Paula Modersohn-Becker - La tecnica ruvida

 
Verso la fine dell’Ottocento e l’inizio del Novecento viene riscoperta in pittura la tecnica dell’encausto. Tra gli artisti più noti ad averla praticata o solo studiata ci sono Paul Klee e Paula Modersohn-Becker, nomi legati alla sperimentazione di nuovi linguaggi figurativi.
La Becker in particolare fin dai suoi esordi perseguì con coerenza la propria idea di arte, una semplice e nobile rappresentazione, uno scavo nella materialità delle forme fino all’essenziale, spoliazione, alleggerimento, distacco dagli aspetti psicologici, dalla concettosità vacua, conquista i cui risvolti volle esprimere anche nel modus operandi. Perché la materia è mater, sostanza materna, elemento che nutre, centro emotivo che non ha filtri ma solo istinto, impulso, genuino amore.

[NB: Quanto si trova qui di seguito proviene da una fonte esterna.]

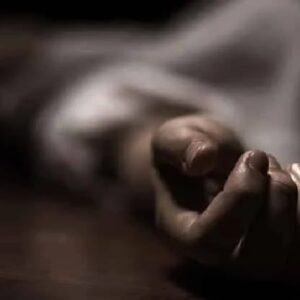 নতুন ফোন কিনে দেয়নি স্বামী, অভিমানে গলায় ফাঁস লাগিয়ে আত্মঘাতী স্ত্রী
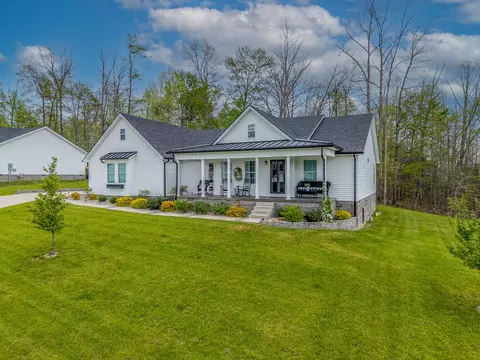 Exterior - 102 Woodlock Dr, Morehead, KY 40351 photo 9 of 12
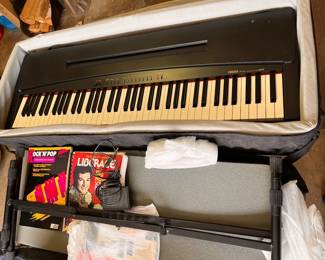 This beautiful Yamaha keyboard looks like it’s never been used, it’s in new mint condition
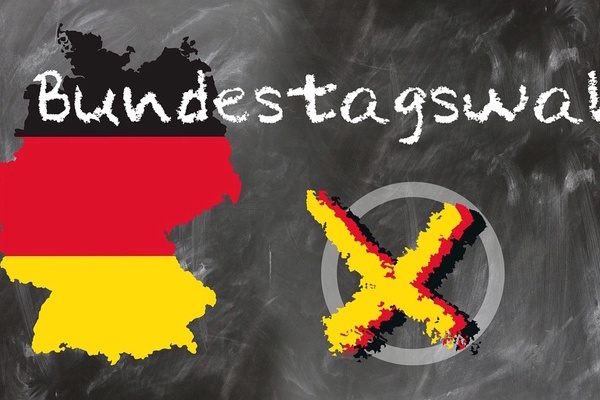 Zeichnung der Bundesrepublik in Schwarz Rot Gold, wei&szlig;e &Uuml;berschrift Bundestagswahl mit gelbem Kreuz gekennzeichnerter Kreis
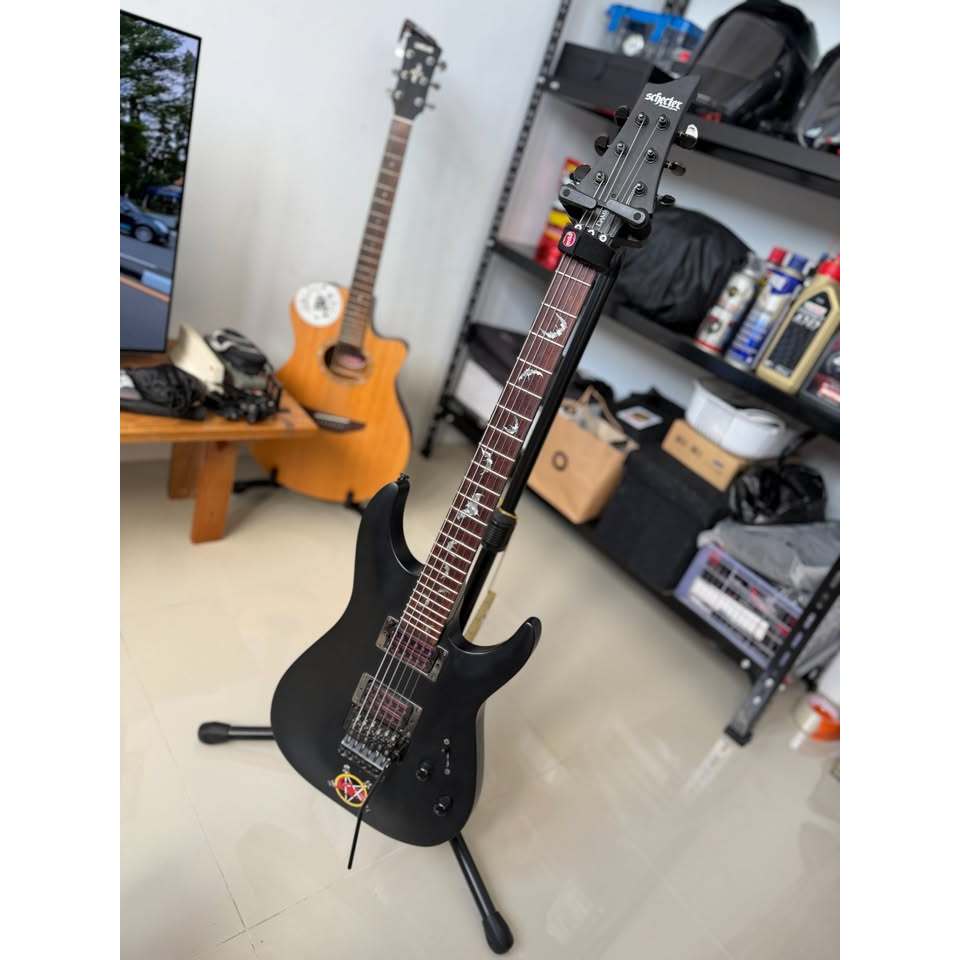 Schecter Damien-6 FR Satin Black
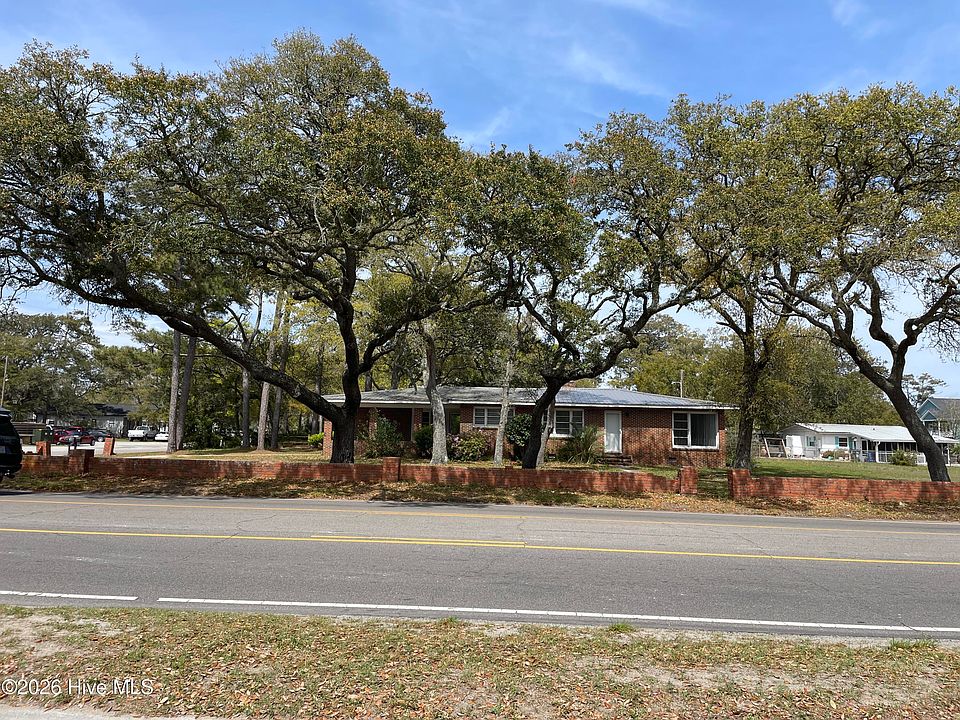 2nd image of 6502-6504 E Oak Island Drive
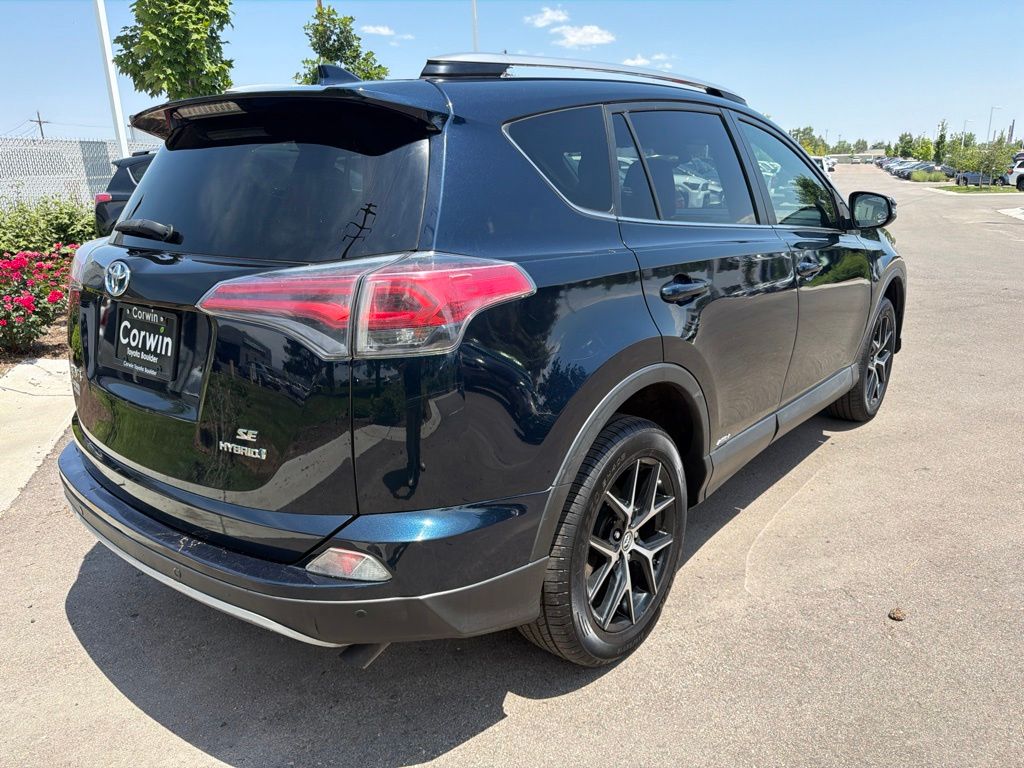 2018 Toyota RAV4 SE - Photo 7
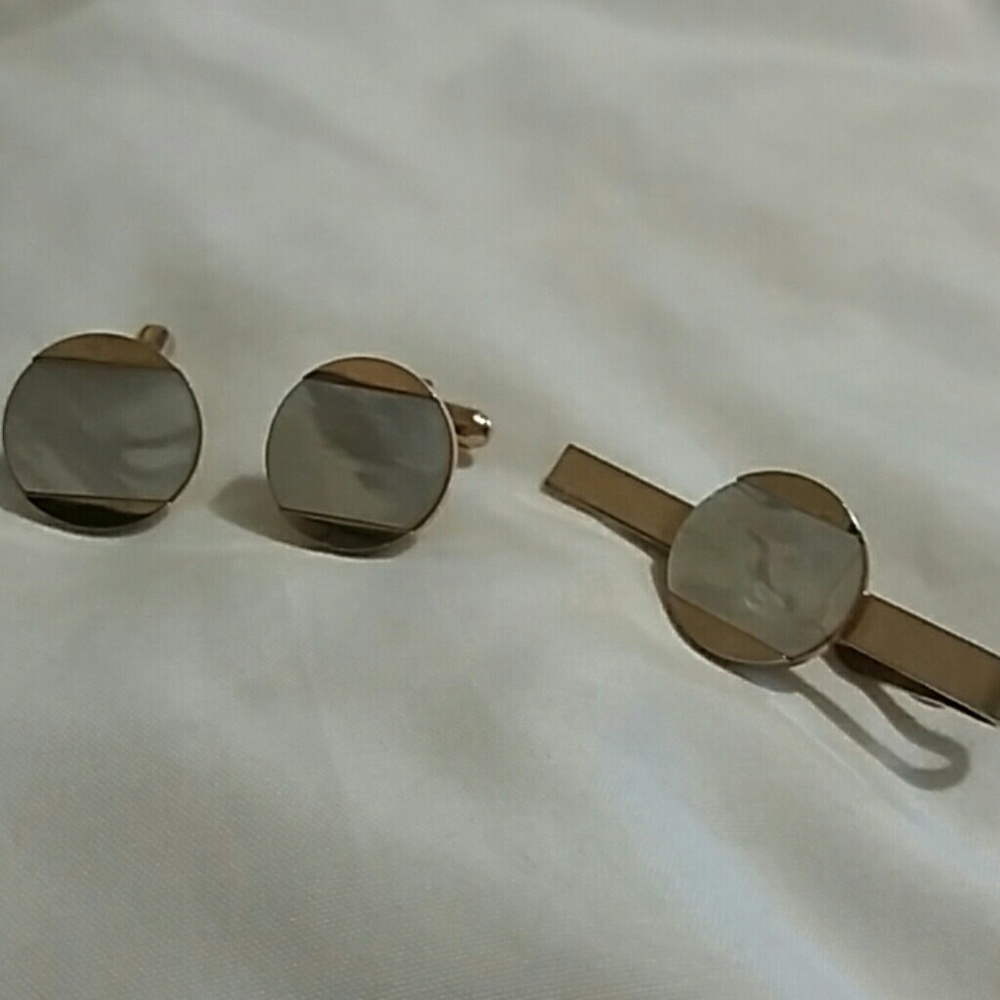 Cufflinks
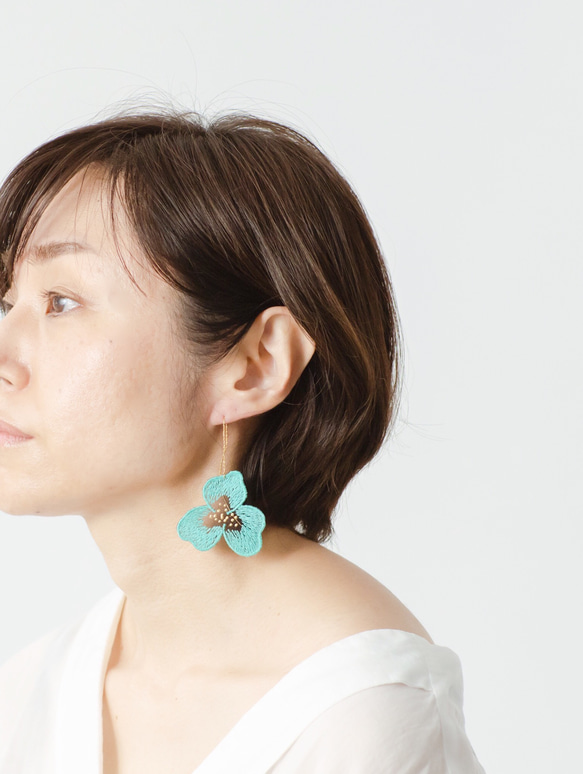 染めと刺繍のアクセサリーtint パンジーピアス ミントグリーン限定色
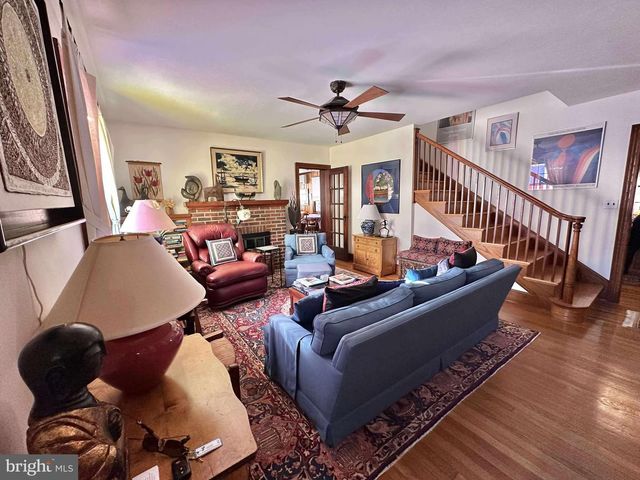 1700 N STAFFORD ST, Arlington, VA 22207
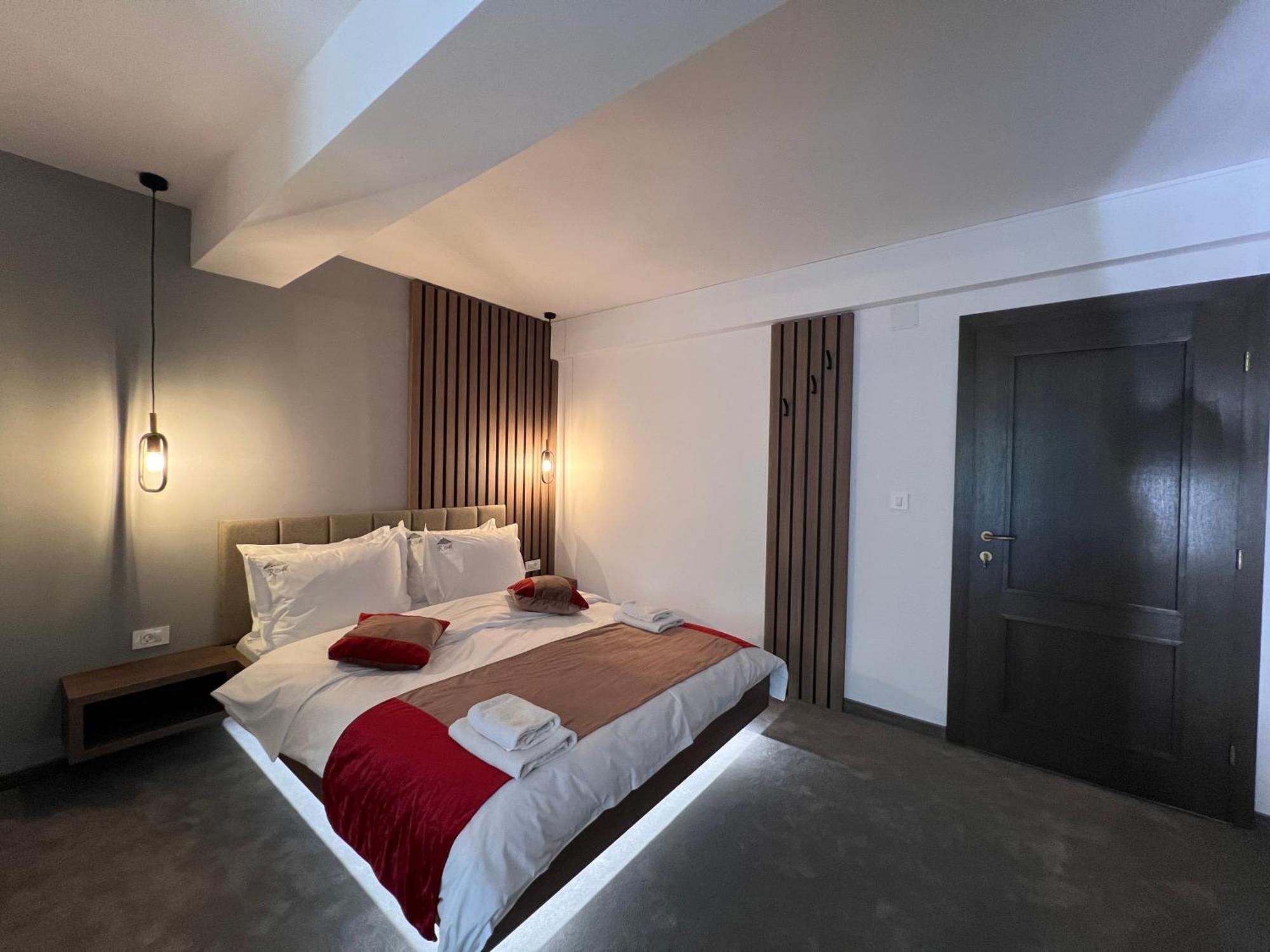 Regina Muntilor A Hotel Моечу де Жос Екстериор снимка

E appunto l’encausto (dal greco enkaustès, “mettere a fuoco”), metodo decorativo noto fin dall’antichità – emblematici gli oltre seicento dipinti su tavola che sono stati rinvenuti nella necropoli di Fayyum in Egitto, datati fra il I e il III secolo d. C. – distinguendosi per la pastosità e la ruvidezza, assecondava alla perfezione queste idee. Negli anni dell’apprendistato berlinese, già sensibile alle esperienze di rottura, la Modersohn fu colpita da Edvard Munch, quindi a Parigi, dal primo soggiorno nel 1900, proseguì in autonomia la sua rivoluzione plastica accarezzando con penetrante curiosità le radici cézanniane e dei Nabis fino alle soglie del cubismo.
L’opera, in quanto frutto di una sintesi fra realtà e interpretazione, è un’architettura soggettiva che solo in un secondo momento, dopo l’impronta data dalla sfera emozionale, torna alla “prova” della natura, e in tale confronto si stabilisce il grado di verosimiglianza, la forza della creazione. Qualcosa che in un lasso di tempo vicino a quello in cui operò la Modersohn richiama i concetti fissati da Giovanni Segantini: «La materia deve essere elaborata dal pensiero per salire a forma d’arte durevole. […] La superiorità umana incomincia dove il lavoro semplicemente manuale e l’azione materiale finiscono, ed incomincia l’amore ed il lavoro fatto con intelletto». Dunque, non pedissequa imitazione né costruzione cerebrale ma paziente esercizio di ascolto, saper ascoltare con la vista, coltivare il dono che ci comunica l’essenza segreta delle cose, penetrarne la matrice simbolica. In virtù di queste capacità sensibili l’artista ha il compito di infondere nel suo lavoro la spontaneità della propria visione.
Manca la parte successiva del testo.